The new year isn’t even a month old and the food delivery crunch is already taking big bites. Spain’s Glovo has today announced it’s exiting four markets — which it says is part of a goal of pushing for profitability by 2021.

Also today, Uber confirmed rumors late last year by announcing it’s offloading its Indian Eats business to local rival Zomato — which will see it take a 9.99% stake in the Indian startup.

In other recent news Latin America focused on-demand delivery app Rappi announced 6% staff layoffs.

On-demand food delivery apps may be great at filling the bellies of hungry consumers fast but startups in this space have yet to figure out how to deliver push-button convenience without haemorrhaging money at scale.

So the question even some investors are asking is how they can make their model profitable?

Middle East exit

The four markets Glovo is leaving are Turkey, Egypt, Uruguay and Puerto Rico.

The exits mean its app footprint is shrinking to 22 markets, still with a focus on South America, South West Europe, and Eastern Europe and Africa.

Interestingly, Glovo is here essentially saying goodbye to the Middle East — despite its recent late stage financing round being led by Abu Dhabi state investment company, Mubadala. (It told us last month that regional expansion was not part of Mubadala’s investment thesis.)

Commenting on the exits in a statement, Glovo co-founder and CEO, Oscar Pierre, said: “This has been a very tough decision to take but our strategy has always been to focus on markets where we can grow and establish ourselves among the top two delivery players while providing a first-class user experience and value for our Glovers, customers and partners.”

Last month Pierre told us the Middle East looks too competitive for Glovo to expand further.

In the event it’s opted for a full exit — given both Egypt and Turkey are being dropped (despite the latter being touted as one of Glovo’s fastest growing markets just over a year ago, at the time of its Series D).

“Leaving these four markets will help us to further strengthen our leadership position in South West and Eastern Europe, LatAm and other African markets, and reach our profitability targets by early 2021,” Pierre added.

Glovo said its app will continue to function in the four markets “for a few weeks” after today — adding that it’s offering “support and advice to couriers, customers and partners throughout this transition”.

“I want to place on record our thanks to all of our Glovers, customers and partners in the markets from which we’re withdrawing for their hard work, dedication, commitment and ongoing support,” Pierre added.

The exits sum to Glovo withdrawing from eight out of a total 306 cities.

It also said the eight cities collectively generated 1.7% of its gross sales in 2019 — so it’s signalling the move doesn’t amount to a major revenue hit.

The startup disclosed a $166M Series E raise last month — which pushed the business past a unicorn valuation.

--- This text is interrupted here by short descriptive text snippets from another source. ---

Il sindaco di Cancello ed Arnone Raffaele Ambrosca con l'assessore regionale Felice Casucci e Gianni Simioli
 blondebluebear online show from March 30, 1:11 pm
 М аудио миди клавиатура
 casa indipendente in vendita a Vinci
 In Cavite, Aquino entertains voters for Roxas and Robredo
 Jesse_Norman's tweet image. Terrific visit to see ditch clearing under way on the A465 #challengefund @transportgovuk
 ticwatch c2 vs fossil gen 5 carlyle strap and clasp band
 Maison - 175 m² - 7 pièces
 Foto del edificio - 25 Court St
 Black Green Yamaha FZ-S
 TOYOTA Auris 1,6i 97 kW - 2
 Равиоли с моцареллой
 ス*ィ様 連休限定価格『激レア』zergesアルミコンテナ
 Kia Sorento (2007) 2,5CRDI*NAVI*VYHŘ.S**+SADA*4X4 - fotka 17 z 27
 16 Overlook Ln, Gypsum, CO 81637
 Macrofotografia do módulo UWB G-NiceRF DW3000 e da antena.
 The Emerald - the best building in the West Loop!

Pierre told us then that the new financing would be used to achieve profitability “as early as 2021”, foreshadowing today’s announcement of a clutch of market exits.

Glovo has said its goal is to become the leading or second delivery platform in all the markets where it operates — underlining the challenges of turning a profit in such a hyper competitive, thin margin space which also involves major logistical complexities with so many moving parts (and people) involved in each transaction.

As food delivery players reconfigure their regional footprints — via market exits and consolidation — better financed platforms will be hoping they’ll be left standing with a profitable business to shout about (and the chance to grow again by gobbling up less profitable rivals or else be consumed themselves). So something of a new race is on.

Back in November in an on-stage interview at TechCrunch Disrupt Berlin, Uber Eats and Glovo discussed the challenges of turning a profit — with Glovo co-founder Sacha Michaud telling us he expects further consolidation in the on-demand delivery space. (Though the pair claimed there had been no acquisition talks between Uber and Glovo.)

Michaud said then that Glovo is profitable on a per unit economics basis in “some countries” — but admitted it “varies a lot country by country”.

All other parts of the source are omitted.